◆ YOUR TASK:
What is needed is an exact copy of the records below, without the pictures.

(Image-text web data)
· · · · · · ·

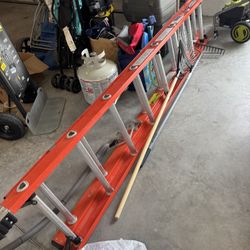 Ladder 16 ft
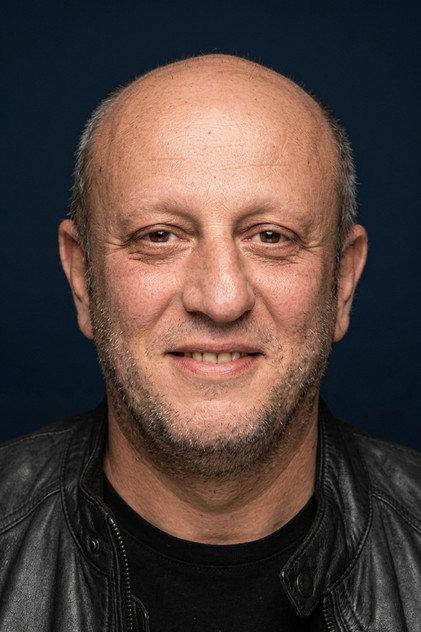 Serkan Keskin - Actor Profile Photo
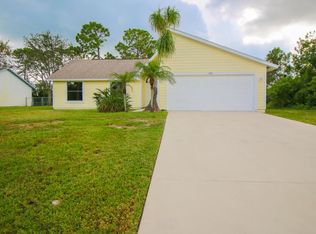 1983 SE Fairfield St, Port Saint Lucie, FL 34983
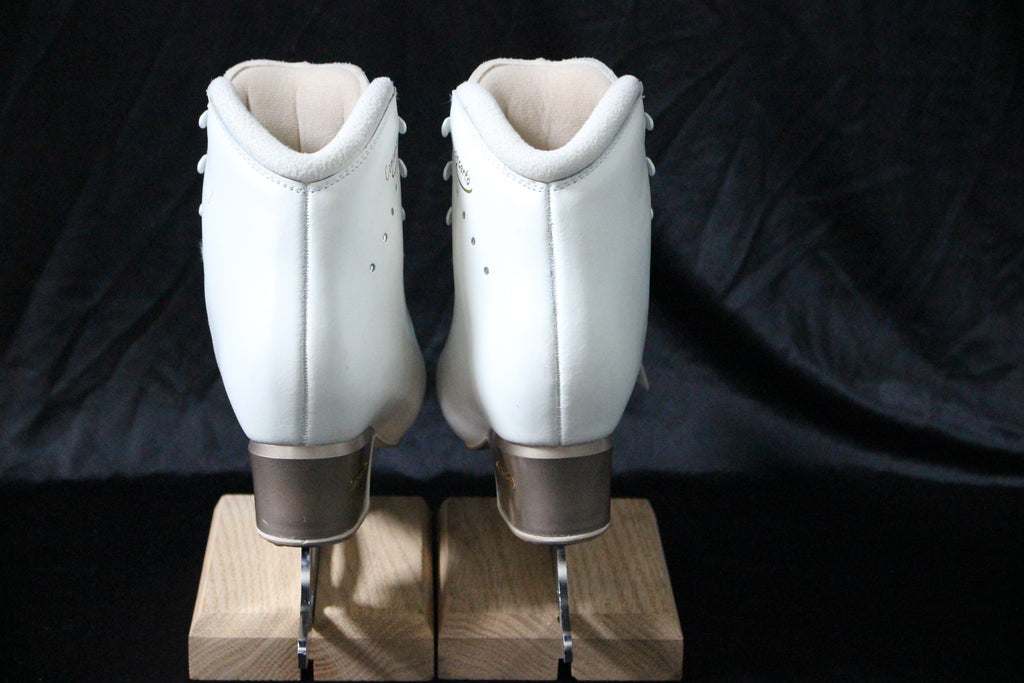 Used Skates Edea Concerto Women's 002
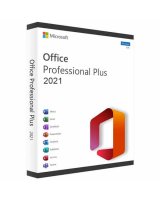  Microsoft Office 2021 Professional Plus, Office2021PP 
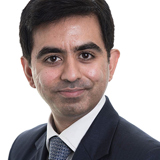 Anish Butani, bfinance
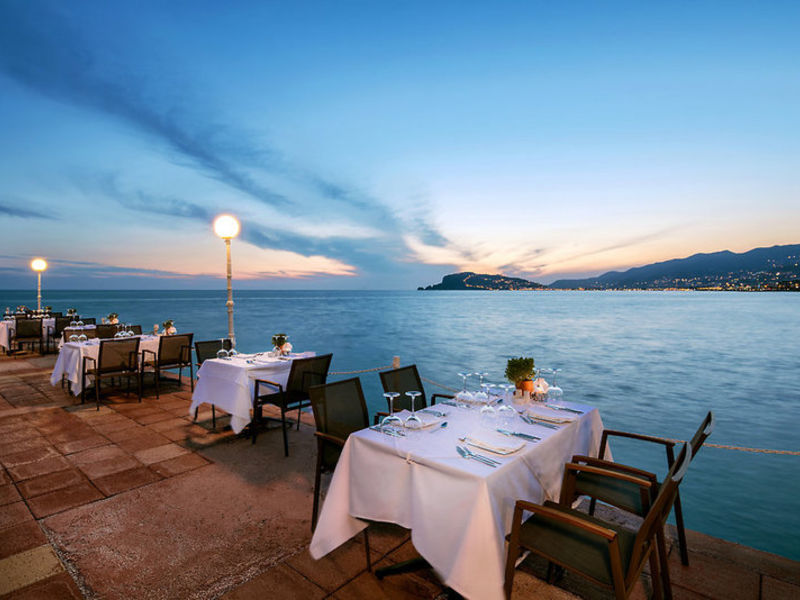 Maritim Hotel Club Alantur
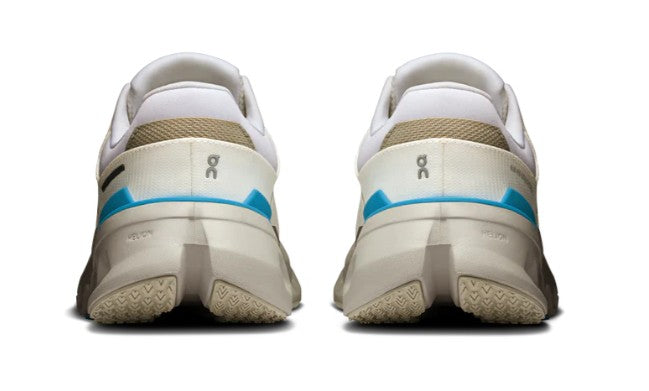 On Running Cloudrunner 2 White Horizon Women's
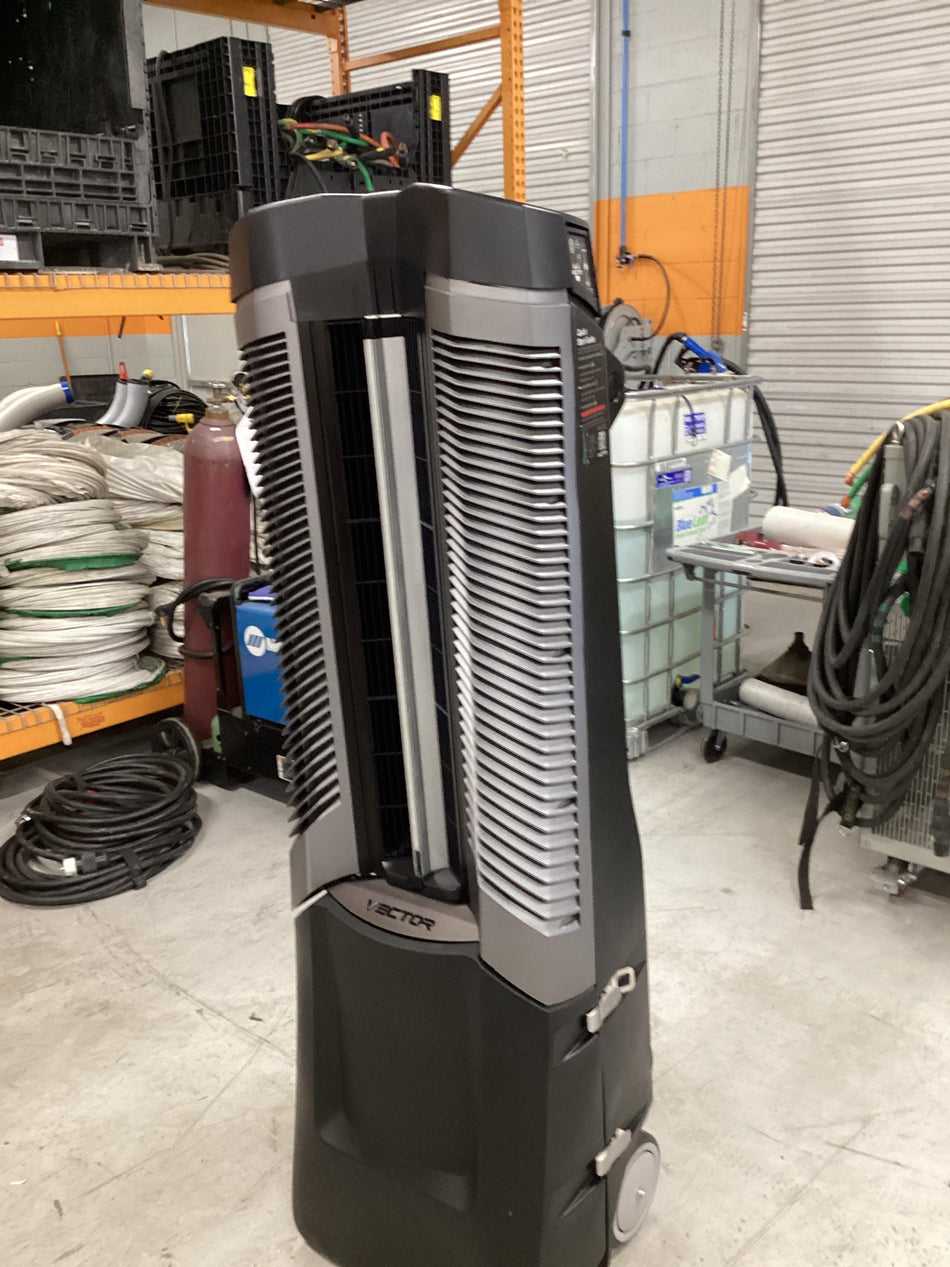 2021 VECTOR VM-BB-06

· · · · · · ·

◆ SOLUTION FOR THIS TASK:
 Ladder 16 ft
 Serkan Keskin - Actor Profile Photo
 1983 SE Fairfield St, Port Saint Lucie, FL 34983
 Used Skates Edea Concerto Women's 002
  Microsoft Office 2021 Professional Plus, Office2021PP 
 Anish Butani, bfinance
 Maritim Hotel Club Alantur
 On Running Cloudrunner 2 White Horizon Women's
 2021 VECTOR VM-BB-06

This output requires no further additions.